I am particularly sensitive to Adi’s critique of the day (Adi Kuntsman was one of the invited keynote speakers) as an event focused on white, middle-class, educated and gender-normative feminism. The scopes of the day were to give voice to interdisciplinarity, to talk about methods, and bring together researchers who are positioned as feminists in their work (this was also the idea behind the words ‘feminist approaches’ for me – Kate O’Riordan posed a question about how ‘feminist approaches’ can be equally essentialist to ‘feminist methods’). The Call for Papers went out to lists like the Association of Internet Researchers (AoIR), Brighton and Sussex Sexuality Network (BSSN), Womens Studies, the Media, Cultural Studies and Communication Association (MeCCSA) and various other academic lists. It also went arount non-academic lists like the Feminist Activist Forum (about it ) and Feminist Fightback list and, I think,  it went out to the Queer Mutiny Brighton folk as well. I’m saying that we consciously tried to engage with a broad definition of ‘feminist’ – both academic and non-academic. It seems that this is not always succesful or perhaps different positions within feminism were not heard explicitly during the day. I think that asking what is  ‘feminist’ or ‘queer’  in approaches and methodologies is important, especially when these words operate as umbrella terms for a set of assumptions.

But I am also very uncomfortable with the characterisation ‘middle-class’ – to clarify, I understand and accept that Adi’s critique concerns the focus of the event, the kinds of feminism which were examined, and not persons. My uncomfortability is with ‘middle-class’ when this is used to describe all people involved in higher education or working within academia. Many of the speakers were unfunded students, many were non-british, and some were on benefits. It is important to be reflexive of our own privileges as researchers placed within the academy or/and as using Doctorate studies as a transition from working class to middle-class status. Still for some this transition takes longer than for others and for some it never actually happens. Sleeping in a hostel or desperately trying to find somebody to host you at their airbed so that you can attend a free-event (free food) and minimise costs (to travel expenses) while on a strict budget is a material reality for some Doctoral students during a minimum of three years.

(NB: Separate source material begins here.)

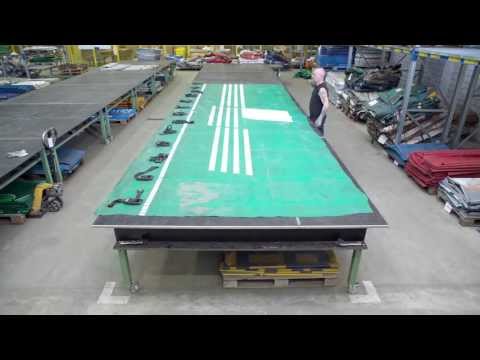 FREITAG Production: Step 2 - Cutting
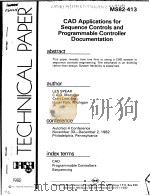 CAD APPLICATIONS FOR SEQUENCE CONTROLS AND PROGRAMMABLE CONTROLLER DOCUMENTATION（ PDF版）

This kind of reality is difficult to grasp for middle class people – and it is the specificity of raciality and ethnicity that need to be accounted as well – middle class in greece and middle class in britain is a different set of conditions. I think that the tendency to name  educational events and cultures middle class actually performatively operates as an interpelation (see Judith Butler’s work on Athusser’s concept of interpellation) – it constructs the subjects it supposedly questions (middle class as tantamount to educated) and it makes working class, non-britishness and non-whiteness invisible.

Apart from feeling a bit invisible in terms of class and ethnicity, I feel happy to have met Zem Moffat and hear her talk about Mirror Mirror (I’ve written about this here last year) and ask her questions and also speed-date with her academically at the dinner in Planet India later. Sussex holds a copy of her film, and she told me there is a course on Shared Anthropology which will be including it in the student material. And I’m happy to have met Red (again) and hear her talk with enthusiasm about her PhD project on feminist memory .

I’ll soon complete a proper report for the event – which will be for the Sussex Doctoral School blog.

As for other adventures, Red kindly asked me for an interview and she even called me inspirational! Thanks Red, I may be grumpy about research blogs but I actually take this as an invitation to reconnect with my blog 🙂

And Kate O’Riordan revisits internet research ethics in a e-research ethics blog post where she draws

‘attention to mediation, to the relations between technologies, spaces, texts and people. My manifesto point is that importing one size fits all models of informed consent [which themselves have problematic provenance] – or assuming that human subjects do not appear – can both be failures to open up an ethical space. Conversely a close attention to the relations of internet research – and a relational account – could provide an opportunity to develop a more critical analysis of the current technocultural conjuncture’ (my emphasis).